Hung Nguyen enlisted the help of his sister, Le Nguyen, an architectural student familiar with local firms. She contacted Architectural Design Associates of Lincoln, who recommended Hampton Enterprises - Properties & Construction as general contractor.
As Hampton started its routine pre-construction budget work, the company discovered that no one had requested a soil test report. The report was not encouraging, as it revealed a 12-by-15-foot diversion tunnel — dug more than a century earlier as part of an Antelope Valley flood mitigation project — ran directly under the building.

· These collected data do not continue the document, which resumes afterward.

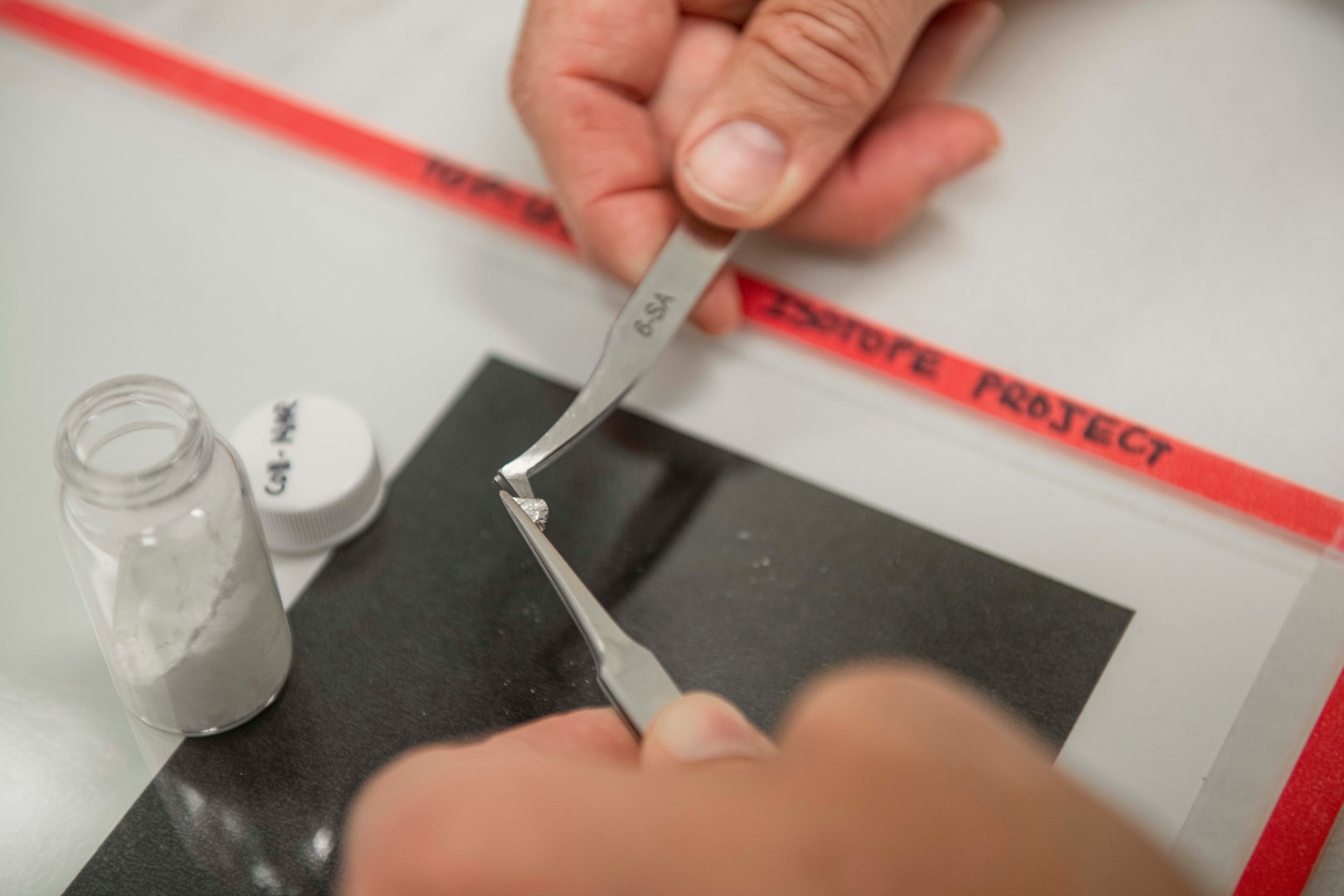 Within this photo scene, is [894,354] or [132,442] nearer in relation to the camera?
[132,442]

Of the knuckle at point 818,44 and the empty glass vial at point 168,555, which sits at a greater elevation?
the knuckle at point 818,44

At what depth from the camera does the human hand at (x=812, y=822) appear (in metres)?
0.28

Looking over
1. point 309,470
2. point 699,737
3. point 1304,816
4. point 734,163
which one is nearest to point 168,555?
point 309,470

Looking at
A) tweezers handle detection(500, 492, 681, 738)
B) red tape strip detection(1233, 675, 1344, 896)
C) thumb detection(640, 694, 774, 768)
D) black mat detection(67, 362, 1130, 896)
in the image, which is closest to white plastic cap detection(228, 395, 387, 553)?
black mat detection(67, 362, 1130, 896)

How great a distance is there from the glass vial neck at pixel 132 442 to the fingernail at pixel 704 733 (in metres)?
0.22

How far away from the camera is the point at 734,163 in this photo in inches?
26.1

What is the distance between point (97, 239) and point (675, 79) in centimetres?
41

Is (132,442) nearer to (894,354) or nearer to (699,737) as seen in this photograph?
(699,737)

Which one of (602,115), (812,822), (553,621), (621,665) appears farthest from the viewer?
(602,115)

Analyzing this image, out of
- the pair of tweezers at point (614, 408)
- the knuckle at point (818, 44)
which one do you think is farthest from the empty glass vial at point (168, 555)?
the knuckle at point (818, 44)

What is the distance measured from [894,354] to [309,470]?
0.37 metres

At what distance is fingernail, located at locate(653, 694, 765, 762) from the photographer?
0.38 m

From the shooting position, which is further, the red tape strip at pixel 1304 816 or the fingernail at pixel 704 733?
the red tape strip at pixel 1304 816

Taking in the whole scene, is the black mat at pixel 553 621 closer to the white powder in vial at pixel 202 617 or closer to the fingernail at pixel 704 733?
the white powder in vial at pixel 202 617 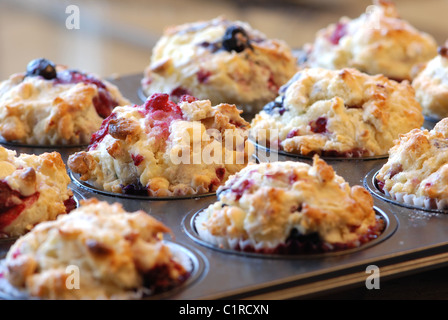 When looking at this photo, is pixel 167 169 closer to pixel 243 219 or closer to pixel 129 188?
pixel 129 188

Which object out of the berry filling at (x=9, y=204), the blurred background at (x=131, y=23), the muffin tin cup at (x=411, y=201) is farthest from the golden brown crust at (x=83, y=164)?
the blurred background at (x=131, y=23)

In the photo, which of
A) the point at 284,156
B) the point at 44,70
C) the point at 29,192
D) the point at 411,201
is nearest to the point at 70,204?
the point at 29,192

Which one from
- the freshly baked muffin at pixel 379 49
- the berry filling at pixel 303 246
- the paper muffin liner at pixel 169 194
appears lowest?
the berry filling at pixel 303 246

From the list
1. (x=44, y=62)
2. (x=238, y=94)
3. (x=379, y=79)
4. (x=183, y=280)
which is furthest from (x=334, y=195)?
(x=44, y=62)

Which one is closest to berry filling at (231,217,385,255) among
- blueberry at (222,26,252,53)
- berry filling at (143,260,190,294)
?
berry filling at (143,260,190,294)

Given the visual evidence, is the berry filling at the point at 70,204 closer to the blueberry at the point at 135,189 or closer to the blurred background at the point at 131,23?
the blueberry at the point at 135,189

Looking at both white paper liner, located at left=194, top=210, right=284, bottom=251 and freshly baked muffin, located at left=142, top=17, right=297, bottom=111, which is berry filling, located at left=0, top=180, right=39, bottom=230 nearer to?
white paper liner, located at left=194, top=210, right=284, bottom=251

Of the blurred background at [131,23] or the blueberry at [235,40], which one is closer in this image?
the blueberry at [235,40]

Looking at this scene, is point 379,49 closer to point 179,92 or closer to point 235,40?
point 235,40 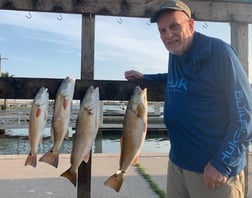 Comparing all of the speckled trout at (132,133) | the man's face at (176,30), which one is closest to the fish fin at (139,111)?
the speckled trout at (132,133)

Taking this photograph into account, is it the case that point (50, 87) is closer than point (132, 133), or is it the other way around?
point (132, 133)

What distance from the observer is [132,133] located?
2816 millimetres

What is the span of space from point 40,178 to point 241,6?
14.4 feet

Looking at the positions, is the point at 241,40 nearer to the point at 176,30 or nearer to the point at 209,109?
the point at 176,30

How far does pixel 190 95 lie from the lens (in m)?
2.47

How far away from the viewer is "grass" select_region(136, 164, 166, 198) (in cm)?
557

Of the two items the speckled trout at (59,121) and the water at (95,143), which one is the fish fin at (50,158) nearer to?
the speckled trout at (59,121)

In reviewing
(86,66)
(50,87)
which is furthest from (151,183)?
(50,87)

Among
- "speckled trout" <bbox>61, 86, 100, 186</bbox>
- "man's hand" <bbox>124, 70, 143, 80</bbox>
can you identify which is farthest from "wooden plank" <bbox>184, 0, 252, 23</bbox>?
"speckled trout" <bbox>61, 86, 100, 186</bbox>

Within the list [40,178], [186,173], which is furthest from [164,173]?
[186,173]

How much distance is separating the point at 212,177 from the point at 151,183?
3905 millimetres

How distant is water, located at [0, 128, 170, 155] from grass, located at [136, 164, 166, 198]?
920cm

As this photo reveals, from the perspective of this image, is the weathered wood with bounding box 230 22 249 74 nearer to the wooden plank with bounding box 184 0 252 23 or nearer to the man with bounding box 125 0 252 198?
the wooden plank with bounding box 184 0 252 23

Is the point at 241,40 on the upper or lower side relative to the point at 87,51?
upper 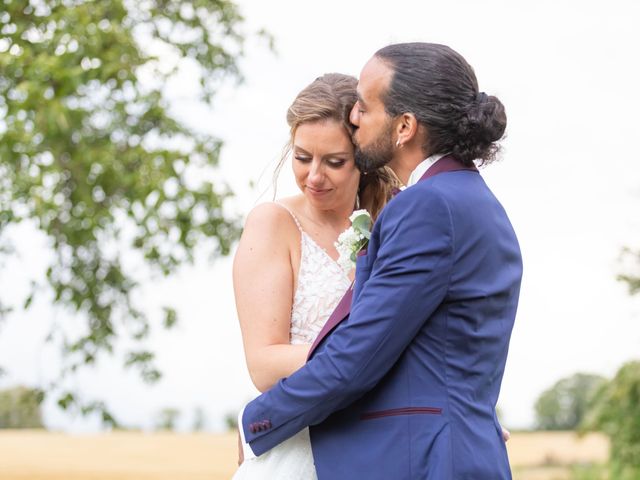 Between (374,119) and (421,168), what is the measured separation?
0.20 metres

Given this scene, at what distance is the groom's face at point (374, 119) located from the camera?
2613 millimetres

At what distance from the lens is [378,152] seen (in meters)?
2.63

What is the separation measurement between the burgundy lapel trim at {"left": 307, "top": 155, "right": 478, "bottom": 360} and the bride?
238mm

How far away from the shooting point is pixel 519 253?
8.52ft

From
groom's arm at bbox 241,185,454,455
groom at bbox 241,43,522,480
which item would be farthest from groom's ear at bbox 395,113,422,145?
groom's arm at bbox 241,185,454,455

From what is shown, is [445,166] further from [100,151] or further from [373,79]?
[100,151]

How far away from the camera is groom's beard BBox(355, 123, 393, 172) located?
8.57 feet

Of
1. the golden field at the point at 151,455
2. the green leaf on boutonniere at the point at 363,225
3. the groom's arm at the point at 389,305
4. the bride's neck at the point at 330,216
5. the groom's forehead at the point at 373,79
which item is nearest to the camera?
the groom's arm at the point at 389,305

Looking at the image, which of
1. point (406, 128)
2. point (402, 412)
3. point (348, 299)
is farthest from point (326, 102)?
point (402, 412)

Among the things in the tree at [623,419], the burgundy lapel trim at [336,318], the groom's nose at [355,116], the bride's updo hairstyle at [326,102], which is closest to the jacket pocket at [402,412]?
the burgundy lapel trim at [336,318]

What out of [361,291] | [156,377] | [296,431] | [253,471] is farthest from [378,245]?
[156,377]

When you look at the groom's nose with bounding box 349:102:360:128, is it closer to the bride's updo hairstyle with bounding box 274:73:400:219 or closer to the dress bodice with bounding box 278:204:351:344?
the bride's updo hairstyle with bounding box 274:73:400:219

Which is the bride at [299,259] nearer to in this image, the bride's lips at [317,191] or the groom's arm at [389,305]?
the bride's lips at [317,191]

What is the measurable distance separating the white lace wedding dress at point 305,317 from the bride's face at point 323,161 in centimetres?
14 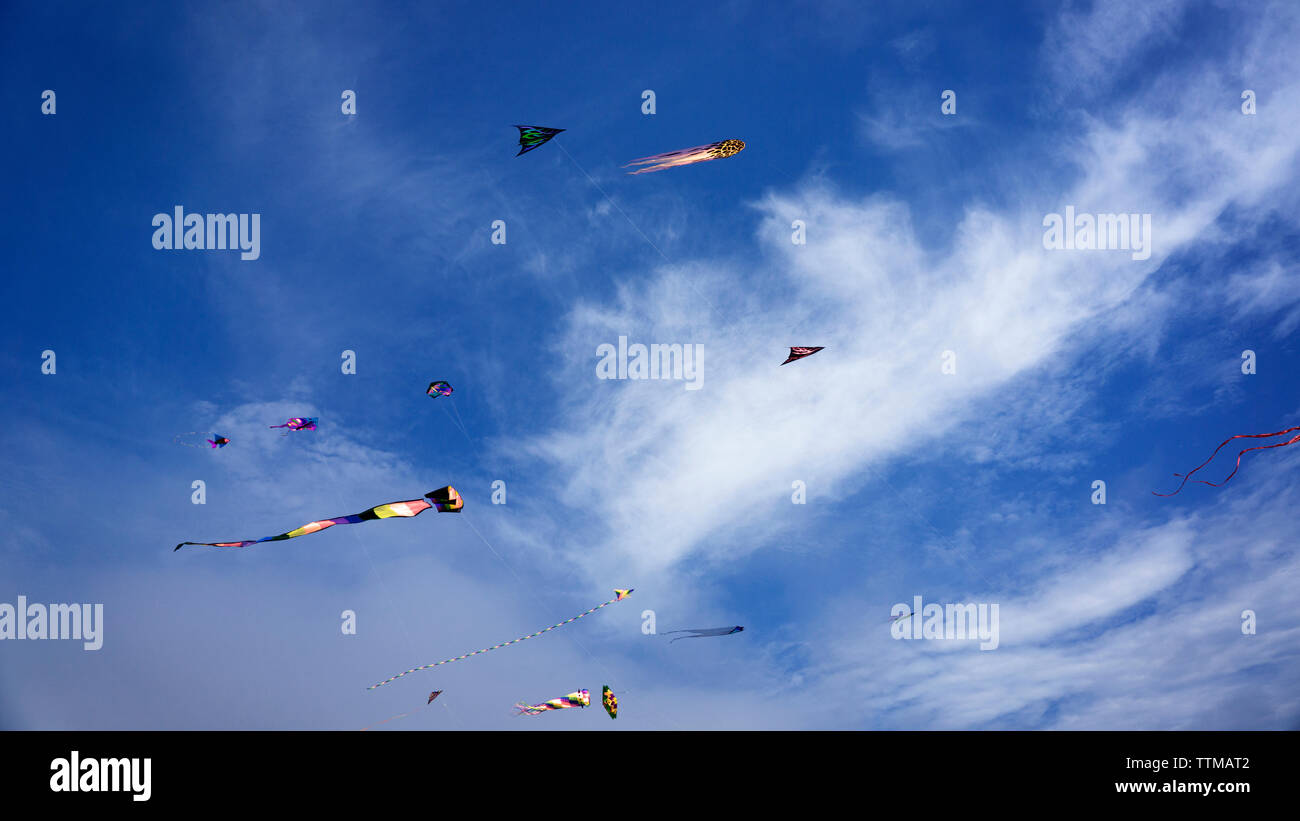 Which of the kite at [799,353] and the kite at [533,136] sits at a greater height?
the kite at [533,136]

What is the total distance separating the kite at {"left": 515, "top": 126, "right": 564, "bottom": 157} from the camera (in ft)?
48.2

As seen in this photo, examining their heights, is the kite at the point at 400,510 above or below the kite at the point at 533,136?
below

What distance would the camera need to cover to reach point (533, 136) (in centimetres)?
1476

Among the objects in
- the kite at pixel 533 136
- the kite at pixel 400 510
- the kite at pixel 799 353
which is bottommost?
the kite at pixel 400 510

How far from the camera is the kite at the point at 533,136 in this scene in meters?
14.7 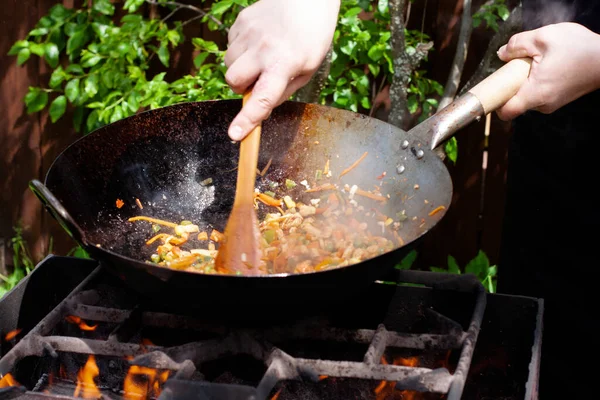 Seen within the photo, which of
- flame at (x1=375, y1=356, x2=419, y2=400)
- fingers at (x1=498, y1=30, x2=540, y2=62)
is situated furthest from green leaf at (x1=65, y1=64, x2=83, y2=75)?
flame at (x1=375, y1=356, x2=419, y2=400)

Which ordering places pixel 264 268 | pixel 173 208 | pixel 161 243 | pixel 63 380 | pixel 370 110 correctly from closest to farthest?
pixel 264 268 < pixel 63 380 < pixel 161 243 < pixel 173 208 < pixel 370 110

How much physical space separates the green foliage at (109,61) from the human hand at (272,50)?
1122 millimetres

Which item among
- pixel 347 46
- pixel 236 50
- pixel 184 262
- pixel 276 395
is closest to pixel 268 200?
pixel 184 262

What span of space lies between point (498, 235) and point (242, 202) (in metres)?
2.05

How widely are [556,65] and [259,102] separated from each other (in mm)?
742

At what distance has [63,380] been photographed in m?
1.76

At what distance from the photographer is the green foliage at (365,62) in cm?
297

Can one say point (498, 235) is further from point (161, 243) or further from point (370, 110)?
point (161, 243)

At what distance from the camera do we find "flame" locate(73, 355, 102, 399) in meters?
1.69

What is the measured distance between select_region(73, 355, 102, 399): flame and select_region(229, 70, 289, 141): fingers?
668 mm

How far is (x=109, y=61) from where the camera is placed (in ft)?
10.1

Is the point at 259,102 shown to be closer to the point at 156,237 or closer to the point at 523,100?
the point at 156,237

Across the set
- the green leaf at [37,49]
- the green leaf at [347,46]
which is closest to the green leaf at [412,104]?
the green leaf at [347,46]

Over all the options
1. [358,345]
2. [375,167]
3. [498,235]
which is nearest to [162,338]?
[358,345] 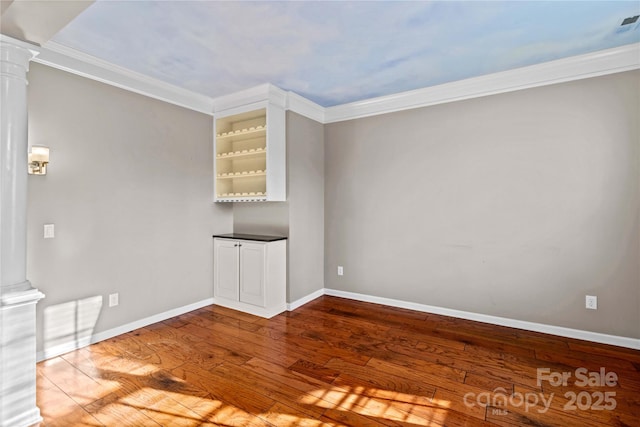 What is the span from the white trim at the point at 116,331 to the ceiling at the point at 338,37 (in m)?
2.48

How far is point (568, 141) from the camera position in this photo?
9.84 ft

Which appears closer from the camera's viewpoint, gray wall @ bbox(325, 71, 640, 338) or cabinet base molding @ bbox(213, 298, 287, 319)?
gray wall @ bbox(325, 71, 640, 338)

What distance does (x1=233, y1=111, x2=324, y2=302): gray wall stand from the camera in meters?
3.88

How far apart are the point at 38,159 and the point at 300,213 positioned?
8.23 ft

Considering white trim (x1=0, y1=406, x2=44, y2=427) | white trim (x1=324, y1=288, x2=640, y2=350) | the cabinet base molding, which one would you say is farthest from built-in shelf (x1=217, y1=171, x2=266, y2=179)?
white trim (x1=0, y1=406, x2=44, y2=427)

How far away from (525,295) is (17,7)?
172 inches

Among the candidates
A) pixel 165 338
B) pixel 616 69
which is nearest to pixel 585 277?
pixel 616 69

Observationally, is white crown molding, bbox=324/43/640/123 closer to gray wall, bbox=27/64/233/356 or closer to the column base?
gray wall, bbox=27/64/233/356

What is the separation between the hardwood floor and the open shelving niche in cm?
154

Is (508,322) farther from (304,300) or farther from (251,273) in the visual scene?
(251,273)

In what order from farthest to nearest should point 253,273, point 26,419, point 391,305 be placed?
1. point 391,305
2. point 253,273
3. point 26,419

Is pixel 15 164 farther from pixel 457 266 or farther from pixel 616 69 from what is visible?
pixel 616 69

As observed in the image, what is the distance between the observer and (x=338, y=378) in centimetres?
236

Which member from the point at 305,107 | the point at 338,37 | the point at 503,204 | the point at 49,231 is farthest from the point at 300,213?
the point at 49,231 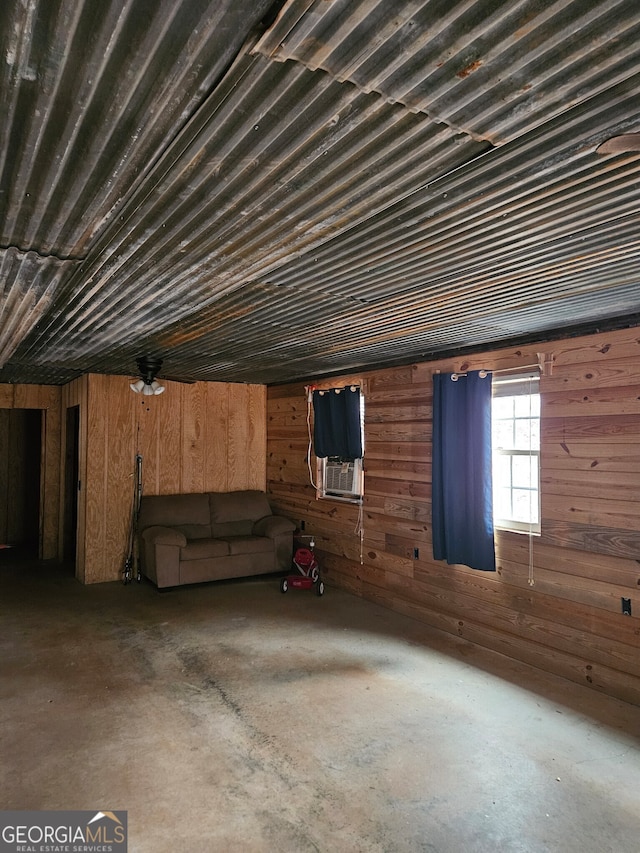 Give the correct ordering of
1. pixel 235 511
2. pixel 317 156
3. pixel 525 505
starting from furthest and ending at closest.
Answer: pixel 235 511 < pixel 525 505 < pixel 317 156

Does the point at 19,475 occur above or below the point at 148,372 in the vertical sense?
below

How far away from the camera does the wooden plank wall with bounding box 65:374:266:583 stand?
6078 mm

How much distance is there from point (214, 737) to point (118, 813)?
0.68 meters

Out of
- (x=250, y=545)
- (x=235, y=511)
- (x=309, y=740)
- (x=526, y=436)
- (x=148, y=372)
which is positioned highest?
(x=148, y=372)

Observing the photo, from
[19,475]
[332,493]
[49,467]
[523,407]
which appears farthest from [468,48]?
[19,475]

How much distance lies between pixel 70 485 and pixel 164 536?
2.16 metres

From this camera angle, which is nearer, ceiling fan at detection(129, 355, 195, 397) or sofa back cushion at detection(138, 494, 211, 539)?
ceiling fan at detection(129, 355, 195, 397)

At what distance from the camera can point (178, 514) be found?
625 centimetres

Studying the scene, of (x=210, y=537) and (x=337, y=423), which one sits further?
(x=210, y=537)

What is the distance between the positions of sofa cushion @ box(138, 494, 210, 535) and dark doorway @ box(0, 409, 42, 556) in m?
3.27

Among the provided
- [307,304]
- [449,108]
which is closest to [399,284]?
[307,304]

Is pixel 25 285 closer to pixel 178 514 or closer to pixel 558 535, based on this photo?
pixel 558 535

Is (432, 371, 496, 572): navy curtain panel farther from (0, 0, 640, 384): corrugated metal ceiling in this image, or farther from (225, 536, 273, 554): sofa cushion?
(225, 536, 273, 554): sofa cushion

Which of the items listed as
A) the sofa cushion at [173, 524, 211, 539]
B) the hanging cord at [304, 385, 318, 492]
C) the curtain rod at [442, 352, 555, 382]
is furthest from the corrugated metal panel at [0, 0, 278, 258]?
the sofa cushion at [173, 524, 211, 539] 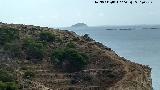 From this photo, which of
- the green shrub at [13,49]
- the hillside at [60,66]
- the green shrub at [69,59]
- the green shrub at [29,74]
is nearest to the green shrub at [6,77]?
the hillside at [60,66]

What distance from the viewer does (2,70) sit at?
64.7 metres

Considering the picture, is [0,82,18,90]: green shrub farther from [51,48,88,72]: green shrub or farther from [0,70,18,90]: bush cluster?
[51,48,88,72]: green shrub

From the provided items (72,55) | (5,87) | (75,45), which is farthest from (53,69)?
(5,87)

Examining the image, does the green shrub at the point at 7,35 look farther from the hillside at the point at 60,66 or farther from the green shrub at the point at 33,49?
the green shrub at the point at 33,49

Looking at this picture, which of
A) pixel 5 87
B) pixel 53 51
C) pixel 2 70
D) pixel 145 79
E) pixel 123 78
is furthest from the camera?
pixel 53 51

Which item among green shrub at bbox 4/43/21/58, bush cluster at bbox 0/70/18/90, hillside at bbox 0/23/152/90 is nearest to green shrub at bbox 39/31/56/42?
hillside at bbox 0/23/152/90

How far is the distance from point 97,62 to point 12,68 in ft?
46.2

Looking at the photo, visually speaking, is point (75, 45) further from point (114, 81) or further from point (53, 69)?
point (114, 81)

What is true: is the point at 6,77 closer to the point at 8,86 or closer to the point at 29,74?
the point at 8,86

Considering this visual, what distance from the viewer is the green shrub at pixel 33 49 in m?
79.2

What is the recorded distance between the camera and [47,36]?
88188 millimetres

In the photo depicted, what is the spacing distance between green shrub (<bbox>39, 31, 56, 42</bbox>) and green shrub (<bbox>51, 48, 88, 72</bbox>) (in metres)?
8.87

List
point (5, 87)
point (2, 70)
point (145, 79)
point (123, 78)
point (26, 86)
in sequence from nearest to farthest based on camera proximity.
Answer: point (5, 87), point (26, 86), point (2, 70), point (123, 78), point (145, 79)

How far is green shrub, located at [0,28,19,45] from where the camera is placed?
85500mm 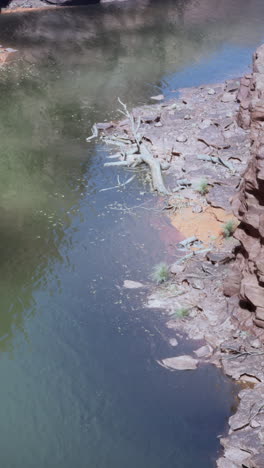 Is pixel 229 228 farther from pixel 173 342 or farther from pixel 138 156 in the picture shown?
Result: pixel 138 156

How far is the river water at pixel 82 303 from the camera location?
340 inches

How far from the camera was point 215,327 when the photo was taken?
1055 cm

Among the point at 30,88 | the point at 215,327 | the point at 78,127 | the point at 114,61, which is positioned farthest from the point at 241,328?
the point at 114,61

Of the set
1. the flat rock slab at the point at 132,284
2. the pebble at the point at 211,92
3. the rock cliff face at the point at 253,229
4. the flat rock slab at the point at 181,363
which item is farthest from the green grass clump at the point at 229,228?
the pebble at the point at 211,92

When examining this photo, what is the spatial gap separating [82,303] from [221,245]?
12.6 ft

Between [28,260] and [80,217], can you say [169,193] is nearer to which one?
[80,217]

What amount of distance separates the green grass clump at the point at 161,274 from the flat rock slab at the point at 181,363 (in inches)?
88.9

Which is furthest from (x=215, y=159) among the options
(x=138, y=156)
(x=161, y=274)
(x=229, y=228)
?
(x=161, y=274)

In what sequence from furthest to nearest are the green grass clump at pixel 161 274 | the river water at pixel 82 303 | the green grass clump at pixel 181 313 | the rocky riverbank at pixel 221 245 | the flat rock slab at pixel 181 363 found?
the green grass clump at pixel 161 274 → the green grass clump at pixel 181 313 → the flat rock slab at pixel 181 363 → the rocky riverbank at pixel 221 245 → the river water at pixel 82 303

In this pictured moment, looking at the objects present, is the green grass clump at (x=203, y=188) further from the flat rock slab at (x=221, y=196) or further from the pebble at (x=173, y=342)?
the pebble at (x=173, y=342)

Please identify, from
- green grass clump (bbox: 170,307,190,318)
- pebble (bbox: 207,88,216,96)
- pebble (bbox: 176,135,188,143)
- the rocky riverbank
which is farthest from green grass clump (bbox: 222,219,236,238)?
pebble (bbox: 207,88,216,96)

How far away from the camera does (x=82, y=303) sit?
37.6ft

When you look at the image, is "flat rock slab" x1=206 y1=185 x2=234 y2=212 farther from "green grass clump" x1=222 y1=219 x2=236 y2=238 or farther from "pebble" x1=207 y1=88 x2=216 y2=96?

The City of Lincoln recently had filled the tunnel north of building with foam.
Scott Lockard, president of Hampton’s Construction Division, and his team worked to devise an affordable way to stabilize the foundation once it demolished the front half of the building.
“It created a problem,” Lockard said. “To cut out the tunnel and bring in dirt was too expensive. The only way we figured how to move forward was to use a combination of Helical anchors and cast-in-place concrete to span over the tunnel and support the new part of the building.”
That solution significantly reduced the cost, but was still beyond the Nguyens’ ability to pay. So Lockard and Hampton Business Development Manager John Hyland looked for ways to still bring the project to fruition.
By February 2018, the research was complete. Hampton approached the mayor’s office and went to bat for its client. They highlighted the market’s central role in the neighborhood’s economy and requested tax-increment financing (TIF).
“It was quite a struggle from the design and installation standpoint, as well as a cost standpoint,” Lockard said. “It created a complex scenario. But at the end of the day, we got the funding from the city. It was probably one of the most challenging projects we’ve had in figuring out how to build it.”
Grateful for the breakthrough, the Nguyens were ready to move ahead with the renovation. For years, customers had asked for products the market had no room to keep in stock.
“We knew this is not an easy project, and we needed a contractor that is knowledgeable and highly skilled,” Le Nguyen said. “Hampton has been very informative and creative in the different construction approach to keep the cost from going up even higher.”
Hung Nguyen agreed, saying Hampton “performed very well.”
“They responded whenever I needed something or had a question,” he said.
And after years of planning and work, the Nguyens moved the store into its new location at 2373 O St. with more than twice the floor space, allowing for a major upgrade in storage and freezer space. The new Viet Hao Market opened 10 days before Thanksgiving, typically a vital sales point for grocers.